Tell me: do you re-read? What books have you found to be immeasurably better upon re-read? Which have you found yourself disappointed in? What makes the difference to you?
Jen Robinson says
I've always been a re-reader. On the one hand, I have a poor memory, so sometimes I need to re-read an earlier book before reading a later book. But mostly, I re-read old favorites as comfort reads. These will tend to be books that I love because of character more than plot. Each re-read can make me love a book more. Of course there's a risk sometimes that the magic will be spoiled, that an old favorite won't hold up. This happened to me with the Famous Five books by Enid Blyton – as an adult I couldn't stomach the traditional gender role of Anne. But the books that I've read every few years throughout my life – those just keep getting better. (Pride and Prejudice, Gone-Away Lake, some D.E. Stevenson and Georgette Heyer novels, and several others).
admin says
I hadn't even thought about the reread being about one element of a book over another, like enjoying the characters over the plot. I totally get why it's a comfort thing, especially with that — you "know" that character and getting to visit them feels good.
Crystal Brunelle says
I have been a re-reader, but I don't re-read as often anymore. I feel like there are too many new books and I can't keep up. I do re-read once in a while though. The best re-read ever was the Harry Potter series all in one go. I read them as they were coming out with a lot of time in between. Reading them again in big gulps was amazing.

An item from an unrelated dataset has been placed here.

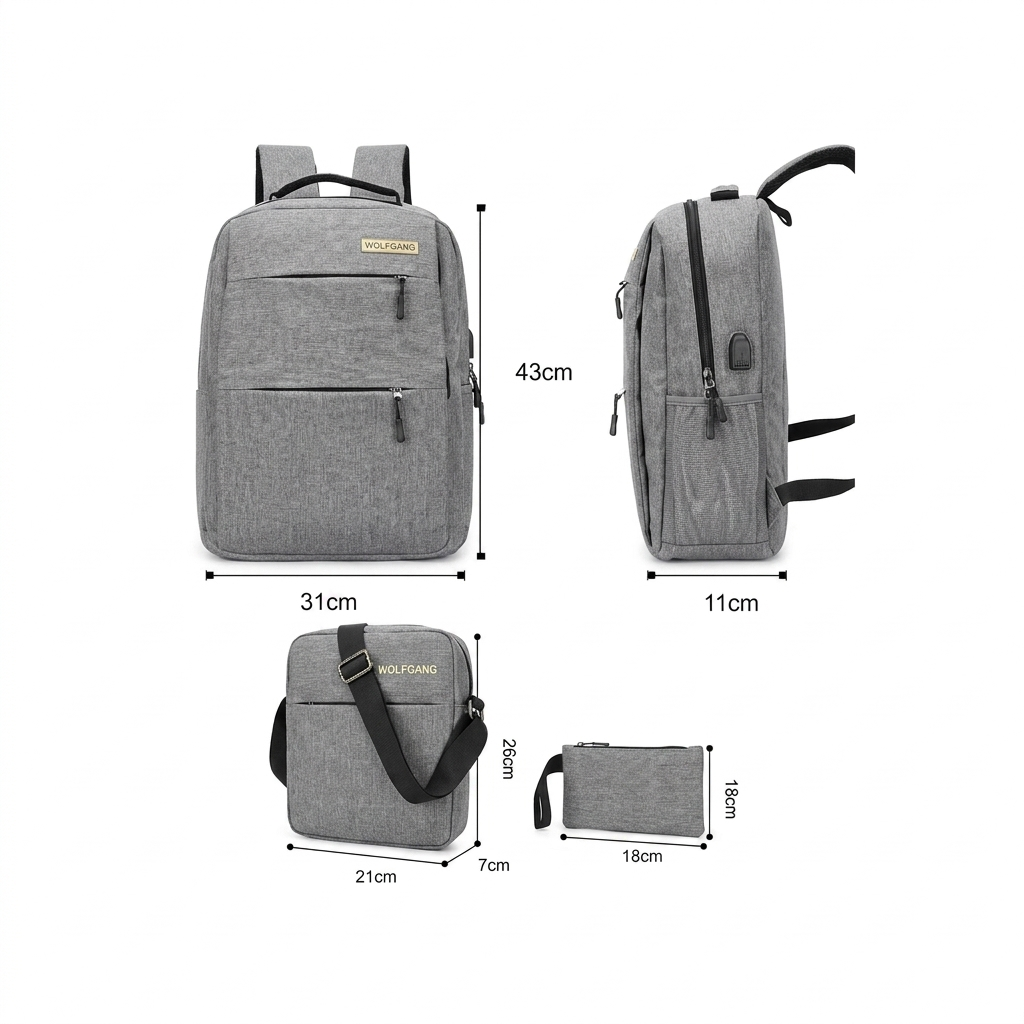 Arctic Hunter 3-in-1 Business & Travel Bag Set – Water-Resistant Laptop Backpack, Crossbody Messenger Bag, and Toiletry Clutch – Modern Grey Aesthetic for Professionals & Students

I have also re-read LOTR, the Narnia series, Little House, Little Women, Jane Austen's works, and To Kill a Mockingbird. Mostly it has been classics that I go back to from childhood. Sometimes I also re-read simply because I flew through a book so quickly & it was good so I want to make sure I didn't miss things like with Yaqui Delgado & Gabi.
Disappointments have been Little Women and Little House. Little Women because I loved Jo and when I was growing up I thought she was such a rebel, but she ultimately does conform for the most part. For the time, Alcott was a feminist, but to see Jo modifying herself is harder as an adult. Little House is also tough now that I have interacted with Debbie Reese and seen how damaging the white settler narrative can be. I much prefer Louise Erdrich's series now – The Birchbark House.
I had some of the same issues with To Kill a Mockingbird, but I do want to read the next one because it appears that it delves into some of that notion of idolizing that happened before and looks into those murkier areas of racism.
admin says
It's really interesting to me how learning how others have read and taken a book — like you mention with Little House — impacts my reread or thinking on that particular book. I think in cases like that especially, when there are really painful stereotypes involved that, as a kid you aren't always paying attention to, it's hard to look away as an adult with the knowledge. And more, then you can use that knowledge to find better books. It's been years since I read the Little House books…I think maybe 5th grade was when I read them…but Erdrich proved strong to me in the book of hers I read and I can see how her work would be more palatable (that's not the word I want, but I think you get my drift!) to you as an adult with the knowledge you have.
I bought Go Set A Watchman but I don't know yet when/if I'll read it. I wanted to cancel my preorder after rereading TKAM, but I couldn't. So now I have it and have to make the argument with myself on the pros/cons of it.